Task directions:
Among the entries below, which lines run from the line with "Quarter Coin Drop Game (Penny Drop Style)" through the line with "Muslim Allah Prayer"? Retype those, both ends included, exactly and without pictures.

Data supplied:
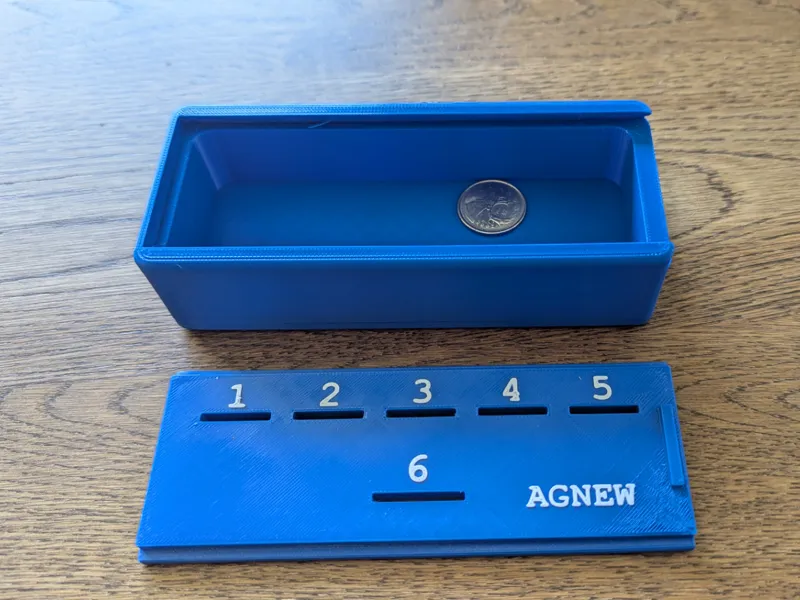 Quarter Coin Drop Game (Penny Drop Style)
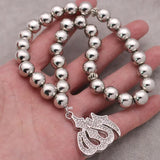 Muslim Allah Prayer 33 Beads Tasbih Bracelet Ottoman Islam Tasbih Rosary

--

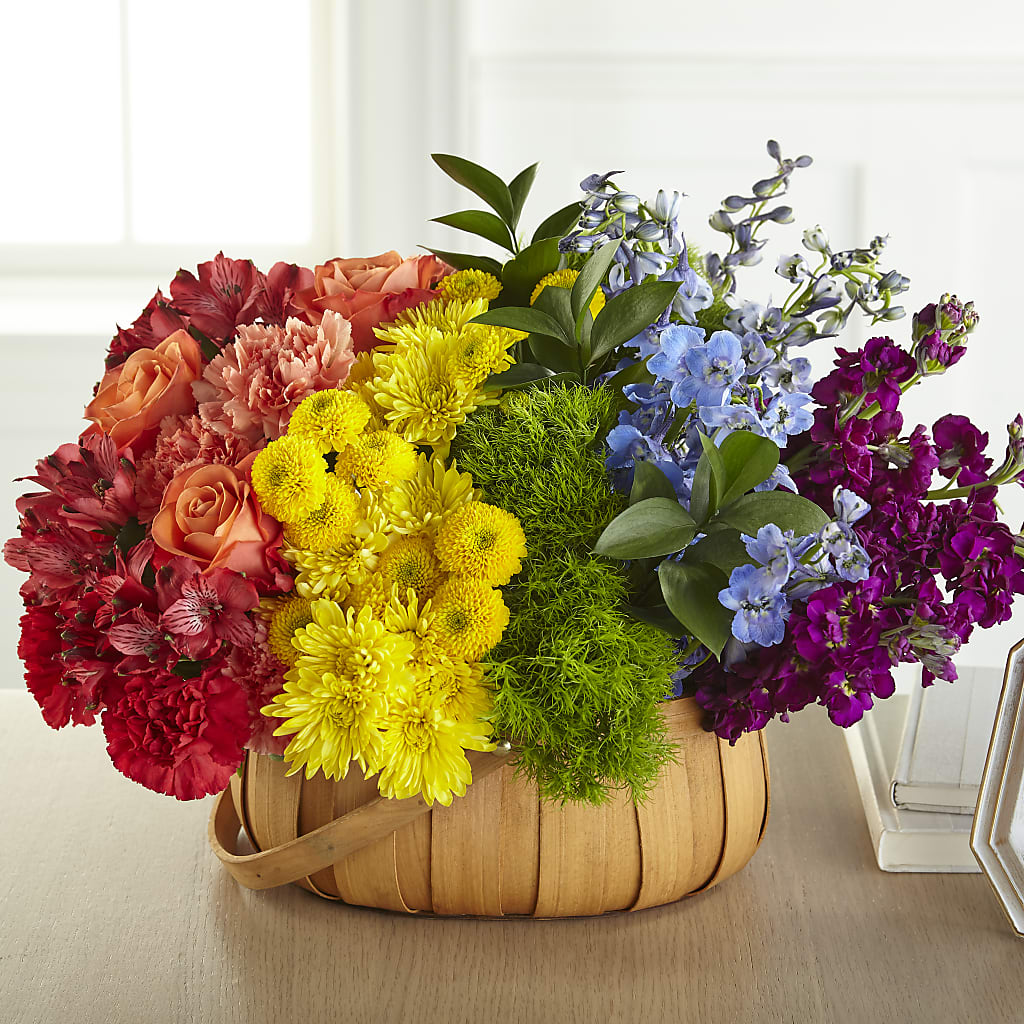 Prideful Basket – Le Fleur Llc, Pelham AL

Answer to the problem:
 Quarter Coin Drop Game (Penny Drop Style)
 Muslim Allah Prayer 33 Beads Tasbih Bracelet Ottoman Islam Tasbih Rosary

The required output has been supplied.